Dalam kesempatan itu, Kerry mengatakan, tersandungnya pembicaraan damai Israel dan Palestina hanya akan menuai kritik terhadap Negeri Yahudi tersebut. Kerry bahkan menyerukan boikot terhadap produk dan lembaga-lembaga Israel dalam kampanye untuk mengisolasi dan menekan pemerintah Tel Aviv agar mengakhiri pendudukannya di Tepi Barat, Palestina.

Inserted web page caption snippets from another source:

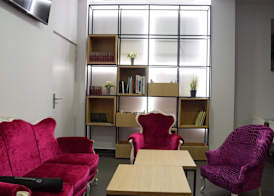 Zerupe Hotel 4
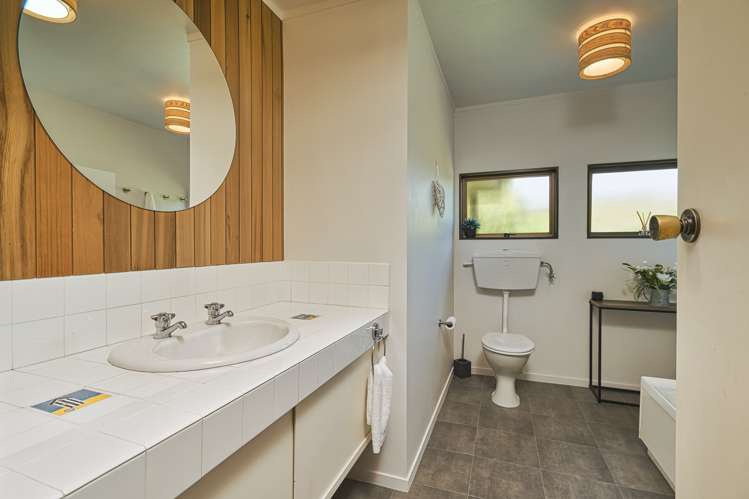 56 Palmerston Road Havelock North_11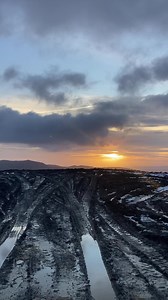7.2K views · 59 reactions | This part of the job never really does get old  #timber #timberfaller #timberfalling #logging #chainsaw #stihl #bluecollar #treework #lumberjack #fyp #pnw #pnwonderland #pacificnorthwest #chasingwaterfalls #oldgrowth #woodwork #woodcraft #woodsmen #redbull #Rockstar #braap #bluecollarwoman #westcoastfaller #chainsawman #oregon #husqvarna #timbersports #sunrise #sunriseoftheday #perksofthejob | Timber Falling Couple | Facebook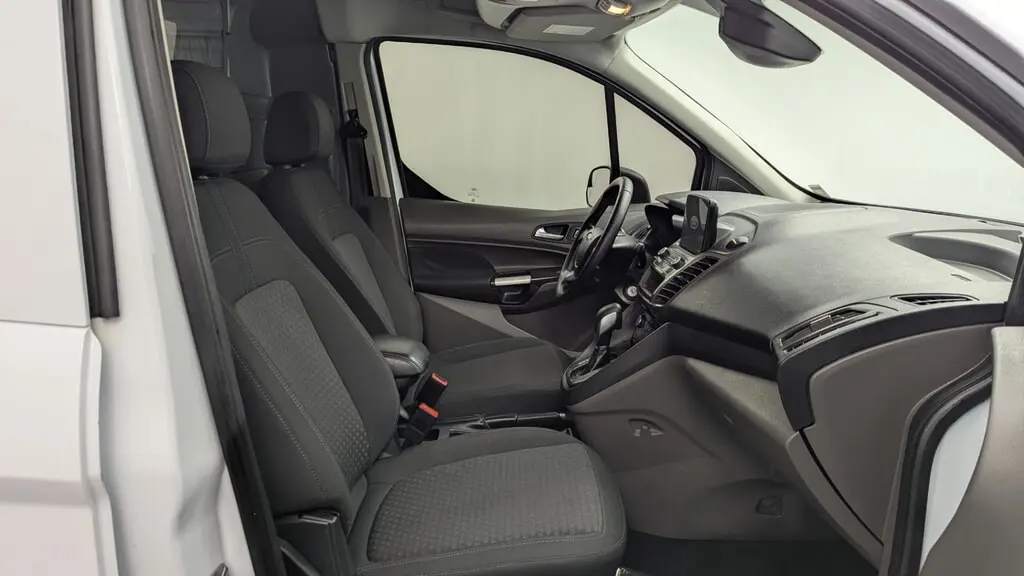 Florida Fine Cars - Used FORD TRANSIT CONNECT VAN 2020 WEST PALM XLT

Tak mau kalah, Ahad 2 Februari 2014, Netanyahu memperingatkan bahwa seruan boikot Israel untuk menekan negara ini terkait isu pemukiman di wilayah pendudukan Palestina adalah `tidak bermoral, tidak bisa dibenarkan, dan tak akan berhasil.`
PM Netanyahu mengatakan pula, gerakan boikot internasional yang terus berkembang hanya akan `mendorong perdamaian lebih jauh,` bahkan membuat Palestina akan tetap dengan sikapnya. "Tidak ada tekanan akan memaksa saya untuk menyerah kepentingan vital negara Israel, di atas masalah keamanan warga Israel," ucap Netanyahu.

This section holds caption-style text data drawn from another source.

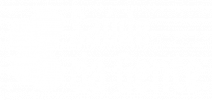 Logo-Saúde-da-Gente-negativo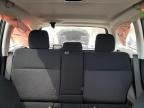 2016 Subaru Forester 2.5I Premium na sprzedaż w North Billerica, MA - Front End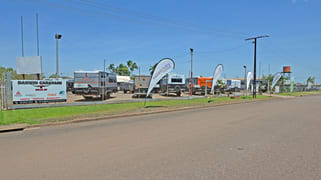 910 Stuart Highway Pinelands NT 0829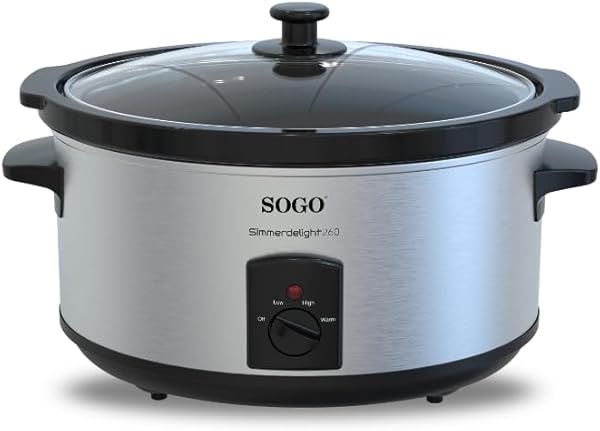 41qD0kFZgvL. AC UL600 SR600.400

Washington Post menulis, para politisi Israel menunjukkan reaksi kemarahan atas pernyataan Menlu AS John Kerry pada Ahad lalu tersebut. Mereka mengatakan tak akan dapat dipaksa untuk melakukan kesepakatan damai dengan Palestina dengan ancaman menguatnya boikot dan isolasi terhadap negara ini.
Menurut Washington Post, reaksi ini tampaknya tidak pada soal apa yang dikatakan John Kerry yang menyebut tentang potensi boikot dan isolasi yang menguat jika perdamaian Israel-Palestina gagal. Namun, soal indikasi kekhawatiran tentang kemungkinan reaksi internasional jika negosiasi yang dimediasi AS itu gagal.
Sementara, Juru Bicara Kemenlu AS Jen Psaki, mencatat bahwa Kerry telah mengacu pada tindakan orang lain. AS pun dengan tegas menentang boikot. "Menlu Kerry selalu memperkirakan ada penentangan dan menghadapi masa-masa sulit dalam proses, tapi ia juga mengharapkan semua pihak untuk secara akurat menggambarkan dan merekam pernyataannya," urai Psaki.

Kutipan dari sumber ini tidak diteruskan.